The new provisions signal that civil forfeiture proceedings will be on the rise in the future. Indeed, government guidance issued in January 2018 in respect of HM Revenue & Customs, the Serious Fraud Office, National Crime Agency, Financial Conduct Authority and Crown Prosecution Service, urges that ‘asset recovery and financial investigation should be considered at an early stage in every case, including consideration of the non-conviction based powers of forfeiture, civil recovery and taxation action.’ [1]

Summary forfeiture of cash

Section 14 CFA 2017 amends section 289(6) POCA 2002 to close a loophole in the definition of ‘cash’. The definition is critical to the search, seizure, detention and forfeiture powers in Part 5 POCA 2002.

Previously, where suspected illicit funds had been converted into gambling tokens they could not be seized and summarily forfeited.
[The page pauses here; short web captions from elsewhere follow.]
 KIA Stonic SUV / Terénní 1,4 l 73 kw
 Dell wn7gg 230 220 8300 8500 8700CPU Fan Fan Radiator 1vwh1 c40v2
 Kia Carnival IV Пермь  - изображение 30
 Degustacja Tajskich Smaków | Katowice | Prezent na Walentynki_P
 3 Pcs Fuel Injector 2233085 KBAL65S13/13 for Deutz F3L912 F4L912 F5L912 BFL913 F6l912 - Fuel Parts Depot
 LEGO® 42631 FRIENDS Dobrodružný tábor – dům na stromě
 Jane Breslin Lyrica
Now, ‘cash’ includes, alongside cheques, postal orders, notes and coins and banker’s drafts:

  • Gaming vouchers, which are vouchers physically issued by a gaming machine representing a right to be paid the amount stated on it
  • Fixed-value casino tokens, representing the right to be paid the amount stated on it
  • Betting receipts, representing a physical receipt which gives a person the right to be paid the amount stated on it

Notably, the expanded definition of ‘cash’ does not extend to cryptoassets or so-called crypto ‘currency’.
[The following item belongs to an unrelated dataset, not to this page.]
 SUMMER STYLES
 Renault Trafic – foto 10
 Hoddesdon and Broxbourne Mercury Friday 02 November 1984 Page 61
The common feature is the need for any gambling document to state an amount and to represent a right to be paid that amount. As such, documents such as betting slips which do not confer any right to be paid fall outside the scope.

‘Cash’ that has been seized and detained is vulnerable to forfeiture either administratively upon the issuance of a forfeiture notice by the relevant enforcement authority or following successful forfeiture proceedings in the magistrates’ court.

Threshold

The powers may only be used where the financial threshold, £1,000, has been met. [2]

Summary forfeiture of listed assets

A new framework for the forfeiture of certain high-value assets in the magistrates’ court has also been introduced into the Proceeds of Crime Act 2002 to complement the cash forfeiture regime.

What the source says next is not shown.